Re: GCD code in plain old C, and a correctness question
Re: GCD code in plain old C, and a correctness question
- Subject: Re: GCD code in plain old C, and a correctness question
- From: Kevin Van Vechten <email@hidden>
- Date: Tue, 08 Sep 2009 00:05:52 -0700
On Sep 7, 2009, at 7:56 PM, David Leimbach wrote: Aside from having to bump up my file descriptors to run this code, I'm not sure why I'm getting "????" at the end of the code linked here:
Otherwise it appears to function properly.
I'm basically writing a concurrent prime number sieve using libdispatch data structures, and using pipe fds to sort of simulate an "actor message passing style" by tying together event sources on the read end of a pipe pair of fds. Since none of the sources or contexts know when the computation is complete by the amount of data they've received, I send a -1 through the entire sieve of blocks to cause shutdown to occur. ) If you look at my earlier versions of this code, I was using a sleep call). Even this new version of the code seems to function up until the "????".
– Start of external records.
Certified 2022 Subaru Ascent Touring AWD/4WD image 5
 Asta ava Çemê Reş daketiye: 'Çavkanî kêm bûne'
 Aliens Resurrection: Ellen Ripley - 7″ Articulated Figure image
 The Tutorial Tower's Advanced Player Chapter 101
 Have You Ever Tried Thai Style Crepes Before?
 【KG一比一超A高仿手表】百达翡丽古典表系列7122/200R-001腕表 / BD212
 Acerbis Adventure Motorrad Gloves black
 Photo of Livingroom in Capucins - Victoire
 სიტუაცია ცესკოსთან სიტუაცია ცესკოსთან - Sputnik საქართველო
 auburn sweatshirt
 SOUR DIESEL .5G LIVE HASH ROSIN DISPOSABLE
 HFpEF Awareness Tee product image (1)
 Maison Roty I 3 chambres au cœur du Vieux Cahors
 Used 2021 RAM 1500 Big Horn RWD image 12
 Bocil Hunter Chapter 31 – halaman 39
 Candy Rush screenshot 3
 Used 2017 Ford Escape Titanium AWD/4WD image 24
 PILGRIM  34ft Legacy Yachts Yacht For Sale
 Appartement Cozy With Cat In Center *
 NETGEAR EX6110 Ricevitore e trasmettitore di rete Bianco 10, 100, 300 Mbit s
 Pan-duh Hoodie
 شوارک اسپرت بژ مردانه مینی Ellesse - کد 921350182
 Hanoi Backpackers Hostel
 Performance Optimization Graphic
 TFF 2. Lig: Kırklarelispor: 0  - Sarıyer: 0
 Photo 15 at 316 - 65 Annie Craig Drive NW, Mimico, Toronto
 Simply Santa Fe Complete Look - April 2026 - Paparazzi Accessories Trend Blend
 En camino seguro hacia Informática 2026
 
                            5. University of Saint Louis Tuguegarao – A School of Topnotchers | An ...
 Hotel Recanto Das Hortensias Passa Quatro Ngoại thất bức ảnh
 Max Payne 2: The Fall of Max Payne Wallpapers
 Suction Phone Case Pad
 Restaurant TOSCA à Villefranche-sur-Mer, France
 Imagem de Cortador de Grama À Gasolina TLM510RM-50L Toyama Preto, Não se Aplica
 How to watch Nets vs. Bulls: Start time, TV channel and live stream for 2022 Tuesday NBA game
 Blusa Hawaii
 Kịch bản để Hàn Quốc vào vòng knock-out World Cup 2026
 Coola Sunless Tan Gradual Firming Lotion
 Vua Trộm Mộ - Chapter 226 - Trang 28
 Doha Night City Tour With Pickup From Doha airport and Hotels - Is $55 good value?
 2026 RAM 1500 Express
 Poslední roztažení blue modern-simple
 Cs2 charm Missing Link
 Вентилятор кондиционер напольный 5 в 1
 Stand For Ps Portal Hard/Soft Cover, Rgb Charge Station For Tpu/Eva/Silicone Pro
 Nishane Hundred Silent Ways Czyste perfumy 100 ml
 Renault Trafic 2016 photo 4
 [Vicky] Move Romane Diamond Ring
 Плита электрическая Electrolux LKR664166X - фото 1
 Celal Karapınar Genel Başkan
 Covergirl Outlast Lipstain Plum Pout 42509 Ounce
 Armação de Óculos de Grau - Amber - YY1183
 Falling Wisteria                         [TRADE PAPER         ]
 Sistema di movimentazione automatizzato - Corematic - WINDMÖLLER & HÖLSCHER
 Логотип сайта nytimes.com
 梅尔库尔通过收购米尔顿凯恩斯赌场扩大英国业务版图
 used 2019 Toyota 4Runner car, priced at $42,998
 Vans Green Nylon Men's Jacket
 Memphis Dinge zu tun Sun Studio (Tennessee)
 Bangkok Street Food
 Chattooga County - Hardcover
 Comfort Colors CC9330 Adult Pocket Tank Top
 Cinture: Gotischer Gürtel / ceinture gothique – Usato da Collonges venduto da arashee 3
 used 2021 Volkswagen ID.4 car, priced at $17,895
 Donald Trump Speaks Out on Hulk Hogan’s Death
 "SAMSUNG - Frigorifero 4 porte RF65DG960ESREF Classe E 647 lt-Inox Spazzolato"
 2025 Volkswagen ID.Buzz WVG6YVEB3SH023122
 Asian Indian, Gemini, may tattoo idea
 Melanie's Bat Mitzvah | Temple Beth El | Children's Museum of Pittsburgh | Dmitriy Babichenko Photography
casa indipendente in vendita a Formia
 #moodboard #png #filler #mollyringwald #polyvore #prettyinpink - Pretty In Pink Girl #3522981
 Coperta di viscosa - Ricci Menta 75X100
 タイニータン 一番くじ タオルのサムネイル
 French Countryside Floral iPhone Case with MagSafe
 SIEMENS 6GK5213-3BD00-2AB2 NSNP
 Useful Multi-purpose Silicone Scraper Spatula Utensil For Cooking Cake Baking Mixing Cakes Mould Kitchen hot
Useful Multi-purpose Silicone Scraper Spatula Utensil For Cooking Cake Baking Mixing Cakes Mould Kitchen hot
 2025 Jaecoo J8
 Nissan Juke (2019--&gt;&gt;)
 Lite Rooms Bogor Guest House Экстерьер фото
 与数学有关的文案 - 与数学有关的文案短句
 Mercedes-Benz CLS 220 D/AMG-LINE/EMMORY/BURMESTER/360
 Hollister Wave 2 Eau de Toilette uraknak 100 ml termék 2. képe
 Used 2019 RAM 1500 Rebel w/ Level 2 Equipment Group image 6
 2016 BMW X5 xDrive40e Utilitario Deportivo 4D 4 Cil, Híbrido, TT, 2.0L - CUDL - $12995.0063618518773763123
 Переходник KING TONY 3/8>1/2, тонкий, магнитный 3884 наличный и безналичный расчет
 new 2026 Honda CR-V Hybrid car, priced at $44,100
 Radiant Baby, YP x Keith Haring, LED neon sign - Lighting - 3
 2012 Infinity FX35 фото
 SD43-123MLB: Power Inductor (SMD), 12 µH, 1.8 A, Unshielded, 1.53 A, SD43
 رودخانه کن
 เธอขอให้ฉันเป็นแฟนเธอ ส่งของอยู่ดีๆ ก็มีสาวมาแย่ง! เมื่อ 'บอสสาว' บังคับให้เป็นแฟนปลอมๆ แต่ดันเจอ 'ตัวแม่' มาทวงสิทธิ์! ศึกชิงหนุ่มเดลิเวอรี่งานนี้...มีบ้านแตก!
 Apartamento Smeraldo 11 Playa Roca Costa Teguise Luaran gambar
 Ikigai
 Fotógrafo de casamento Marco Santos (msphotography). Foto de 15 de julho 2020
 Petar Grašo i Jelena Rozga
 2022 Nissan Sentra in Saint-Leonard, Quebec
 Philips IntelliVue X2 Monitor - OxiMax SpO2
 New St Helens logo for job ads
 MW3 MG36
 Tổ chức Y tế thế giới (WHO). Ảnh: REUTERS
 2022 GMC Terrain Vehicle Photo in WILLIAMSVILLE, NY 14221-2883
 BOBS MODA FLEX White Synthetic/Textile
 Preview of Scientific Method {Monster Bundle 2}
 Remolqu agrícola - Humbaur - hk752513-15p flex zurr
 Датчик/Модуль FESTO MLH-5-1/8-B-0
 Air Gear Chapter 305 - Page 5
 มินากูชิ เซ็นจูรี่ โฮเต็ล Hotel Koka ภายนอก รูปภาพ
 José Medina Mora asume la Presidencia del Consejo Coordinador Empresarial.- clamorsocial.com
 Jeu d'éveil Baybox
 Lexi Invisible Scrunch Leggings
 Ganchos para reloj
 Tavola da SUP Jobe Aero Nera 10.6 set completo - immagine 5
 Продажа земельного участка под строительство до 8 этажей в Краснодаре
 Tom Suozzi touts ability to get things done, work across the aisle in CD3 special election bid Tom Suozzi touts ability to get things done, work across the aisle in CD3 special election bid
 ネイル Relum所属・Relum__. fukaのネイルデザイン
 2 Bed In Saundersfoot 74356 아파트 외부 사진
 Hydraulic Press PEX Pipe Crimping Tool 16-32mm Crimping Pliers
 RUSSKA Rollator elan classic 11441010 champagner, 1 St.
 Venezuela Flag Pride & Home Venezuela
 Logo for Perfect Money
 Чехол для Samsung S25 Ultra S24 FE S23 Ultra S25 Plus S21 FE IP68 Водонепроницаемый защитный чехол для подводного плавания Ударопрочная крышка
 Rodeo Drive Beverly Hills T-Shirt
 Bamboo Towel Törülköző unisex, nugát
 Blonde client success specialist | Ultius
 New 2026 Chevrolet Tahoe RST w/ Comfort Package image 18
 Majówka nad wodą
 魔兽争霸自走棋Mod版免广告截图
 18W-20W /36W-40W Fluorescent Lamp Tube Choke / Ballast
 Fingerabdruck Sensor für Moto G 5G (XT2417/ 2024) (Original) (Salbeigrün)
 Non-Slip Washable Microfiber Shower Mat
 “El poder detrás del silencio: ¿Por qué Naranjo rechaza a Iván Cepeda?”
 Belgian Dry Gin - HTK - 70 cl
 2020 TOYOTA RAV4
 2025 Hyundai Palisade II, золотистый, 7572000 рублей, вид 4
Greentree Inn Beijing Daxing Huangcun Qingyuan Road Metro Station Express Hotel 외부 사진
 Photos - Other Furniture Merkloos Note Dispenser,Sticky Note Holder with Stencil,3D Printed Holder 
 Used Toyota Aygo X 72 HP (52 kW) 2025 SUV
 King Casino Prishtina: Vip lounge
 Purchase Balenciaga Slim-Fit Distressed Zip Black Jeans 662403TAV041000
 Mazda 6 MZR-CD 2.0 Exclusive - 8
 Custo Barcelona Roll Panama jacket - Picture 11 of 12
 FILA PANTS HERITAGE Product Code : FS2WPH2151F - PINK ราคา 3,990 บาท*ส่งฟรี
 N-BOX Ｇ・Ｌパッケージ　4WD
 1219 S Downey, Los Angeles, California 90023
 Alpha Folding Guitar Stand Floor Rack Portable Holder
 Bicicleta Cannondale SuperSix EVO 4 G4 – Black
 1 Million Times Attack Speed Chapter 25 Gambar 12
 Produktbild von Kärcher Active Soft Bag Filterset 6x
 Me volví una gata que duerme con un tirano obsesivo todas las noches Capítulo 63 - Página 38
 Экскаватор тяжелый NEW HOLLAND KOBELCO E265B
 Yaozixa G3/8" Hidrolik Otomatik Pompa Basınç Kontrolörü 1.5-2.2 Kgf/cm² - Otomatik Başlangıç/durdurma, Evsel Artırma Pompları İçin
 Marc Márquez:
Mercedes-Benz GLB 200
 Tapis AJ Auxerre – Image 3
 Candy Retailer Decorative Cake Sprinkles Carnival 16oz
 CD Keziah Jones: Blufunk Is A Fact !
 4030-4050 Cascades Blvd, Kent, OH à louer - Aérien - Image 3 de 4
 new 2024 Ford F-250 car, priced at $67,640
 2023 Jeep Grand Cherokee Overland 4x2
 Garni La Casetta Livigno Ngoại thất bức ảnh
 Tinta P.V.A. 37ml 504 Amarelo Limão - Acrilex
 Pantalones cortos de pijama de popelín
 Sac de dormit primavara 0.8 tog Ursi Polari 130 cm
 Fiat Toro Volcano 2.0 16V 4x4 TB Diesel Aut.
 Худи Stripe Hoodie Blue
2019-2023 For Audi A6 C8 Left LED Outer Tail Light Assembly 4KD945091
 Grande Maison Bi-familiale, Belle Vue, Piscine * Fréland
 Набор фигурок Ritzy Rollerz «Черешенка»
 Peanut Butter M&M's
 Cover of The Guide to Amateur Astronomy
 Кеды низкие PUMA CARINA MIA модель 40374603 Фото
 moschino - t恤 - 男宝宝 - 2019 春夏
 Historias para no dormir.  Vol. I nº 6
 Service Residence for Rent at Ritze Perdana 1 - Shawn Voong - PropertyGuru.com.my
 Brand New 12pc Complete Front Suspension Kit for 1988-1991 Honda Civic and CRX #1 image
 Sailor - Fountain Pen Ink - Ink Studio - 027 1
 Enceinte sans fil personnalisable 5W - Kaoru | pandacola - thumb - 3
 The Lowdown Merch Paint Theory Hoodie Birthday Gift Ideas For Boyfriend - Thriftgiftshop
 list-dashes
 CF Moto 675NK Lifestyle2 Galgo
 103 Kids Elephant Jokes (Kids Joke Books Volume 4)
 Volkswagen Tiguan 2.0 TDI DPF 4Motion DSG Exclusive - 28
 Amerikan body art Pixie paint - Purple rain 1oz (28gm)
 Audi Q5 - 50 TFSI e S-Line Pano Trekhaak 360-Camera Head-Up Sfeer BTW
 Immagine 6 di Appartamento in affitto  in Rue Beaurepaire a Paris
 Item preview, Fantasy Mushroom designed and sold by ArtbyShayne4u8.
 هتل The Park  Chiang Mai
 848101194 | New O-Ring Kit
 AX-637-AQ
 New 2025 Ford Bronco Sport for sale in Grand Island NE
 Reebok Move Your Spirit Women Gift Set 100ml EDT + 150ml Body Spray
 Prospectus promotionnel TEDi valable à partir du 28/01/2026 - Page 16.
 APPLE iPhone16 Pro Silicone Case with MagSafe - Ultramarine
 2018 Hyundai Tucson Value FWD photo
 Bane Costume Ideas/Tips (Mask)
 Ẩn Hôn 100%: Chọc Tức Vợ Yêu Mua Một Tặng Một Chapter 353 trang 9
I'm trying to decide if this is a bug on my part or not.
Also, running this without bumping the ulimit for fds caused my Snow Leopard machine to kernel panic just once. So if you run this, please do so with that caveat. I've been as of yet unable to reproduce this crash, but I'll file a bug report if I do.
I believe the "????" is the result of writing (int)-1 to stdout.
When setup_block() is called on a read_fd that has a pending -1, then the else clause of if (val !+ LAST) in the event handler will be executed. This writes -1 to fd 0 (stdout) because the ctx structure was never initialized beyond the initial calloc.
Is my understanding correct that each fd source represents a stage in a pipeline with a corresponding integer (the first value read off the pipe) and only numbers not divisible by the current number are allow to pass further down the pipeline?
Have you considered the same design using only dispatch queues? That would avoid the file descriptor limit you're hitting. Instead of writing integers to pipes, you could simply dispatch_async() the integer to the next queue in the "pipeline." Submitting a block object to a queue is a form of message passing.